Exercise goal -> Leave out the pictures and retype, exactly, the lines below from the line with "Шахматный турнир" up to and including the line with "Modello anatomico del piede normale", nothing more.

Entries supplied ->
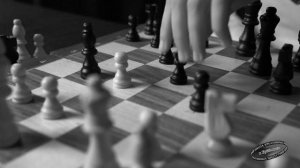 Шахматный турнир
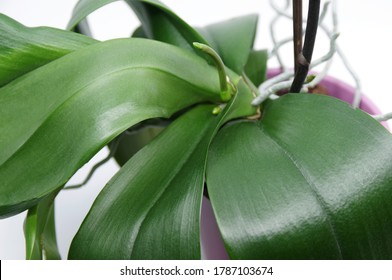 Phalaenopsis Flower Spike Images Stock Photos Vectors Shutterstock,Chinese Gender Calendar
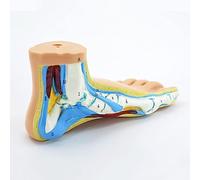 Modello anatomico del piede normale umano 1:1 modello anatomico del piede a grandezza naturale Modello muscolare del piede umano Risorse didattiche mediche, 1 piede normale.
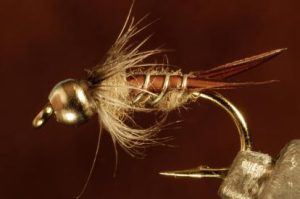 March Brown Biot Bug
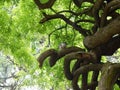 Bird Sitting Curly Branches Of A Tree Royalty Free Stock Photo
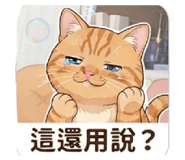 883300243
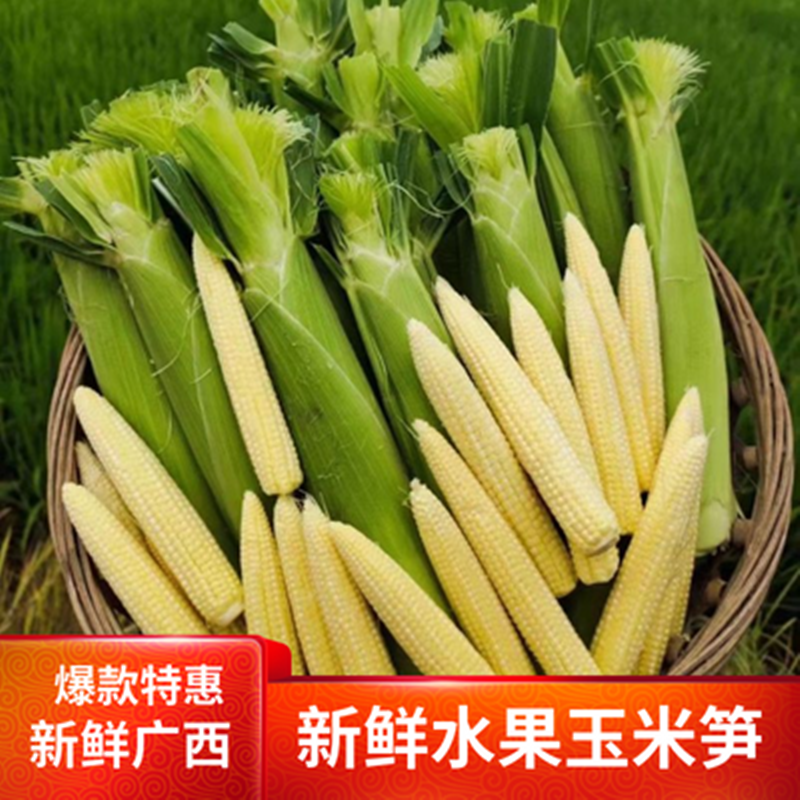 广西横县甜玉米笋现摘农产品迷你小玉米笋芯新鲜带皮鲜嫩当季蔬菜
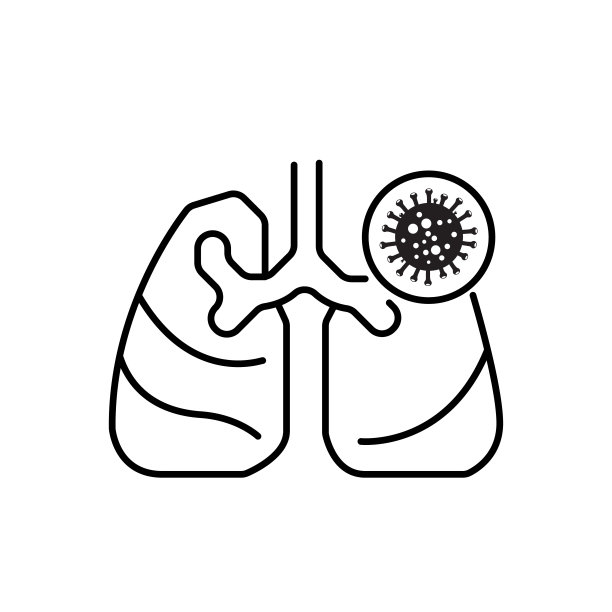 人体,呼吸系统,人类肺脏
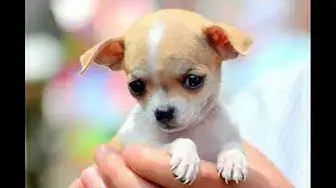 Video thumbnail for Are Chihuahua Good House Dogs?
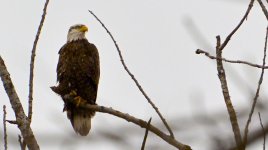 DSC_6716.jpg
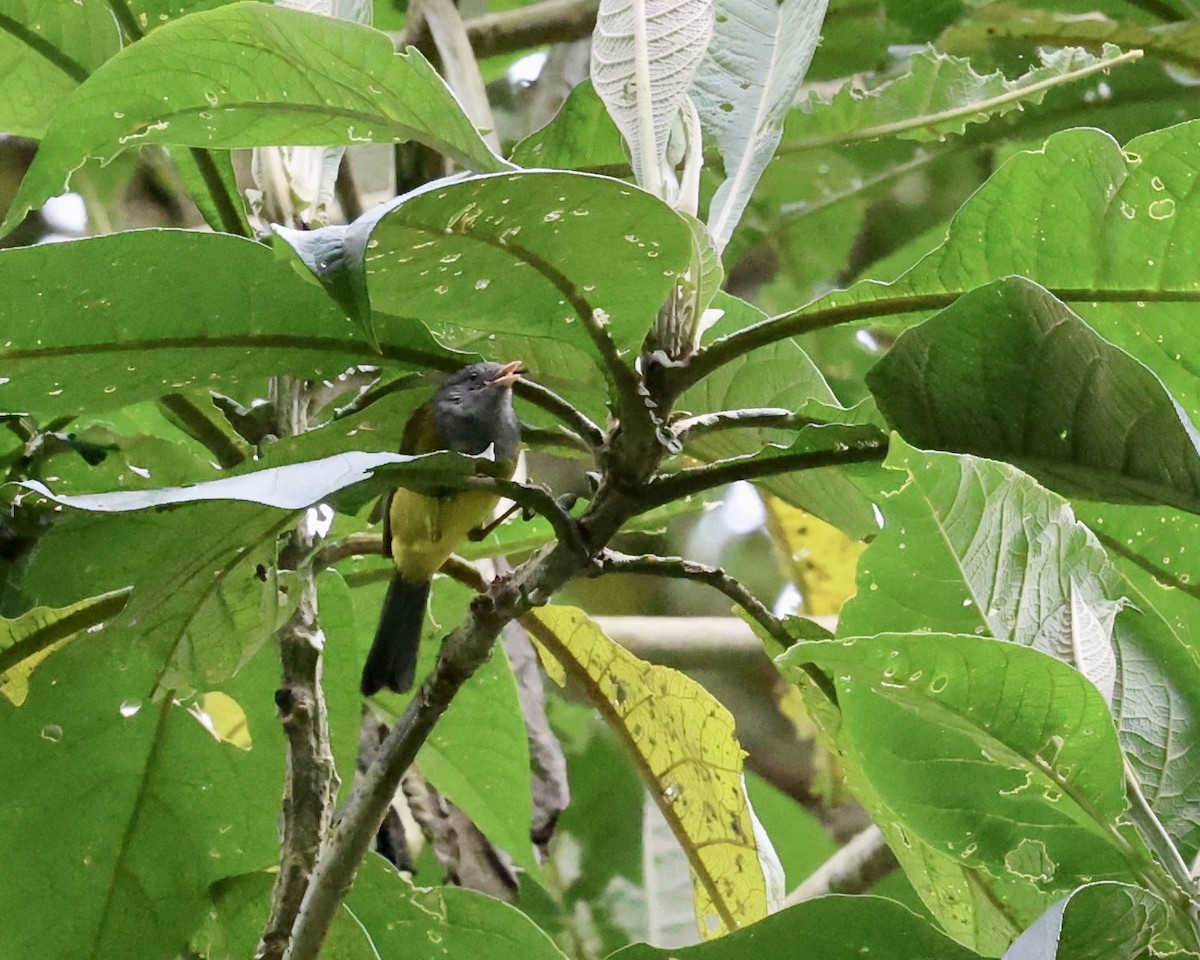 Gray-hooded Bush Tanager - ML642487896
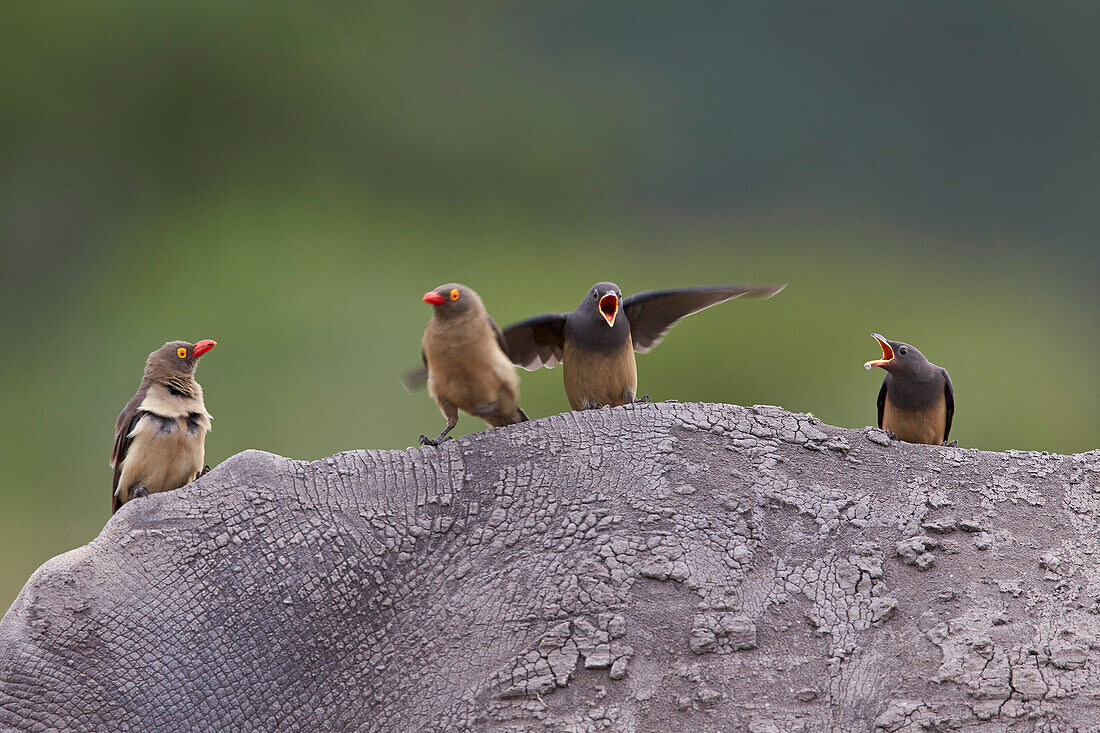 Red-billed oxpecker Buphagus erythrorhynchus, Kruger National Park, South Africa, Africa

---

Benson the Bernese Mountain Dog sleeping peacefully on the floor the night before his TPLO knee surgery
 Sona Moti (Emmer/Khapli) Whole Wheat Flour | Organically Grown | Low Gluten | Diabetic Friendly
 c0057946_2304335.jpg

Solution to the exercise ->
 Шахматный турнир
 Phalaenopsis Flower Spike Images Stock Photos Vectors Shutterstock,Chinese Gender Calendar
 Modello anatomico del piede normale umano 1:1 modello anatomico del piede a grandezza naturale Modello muscolare del piede umano Risorse didattiche mediche, 1 piede normale.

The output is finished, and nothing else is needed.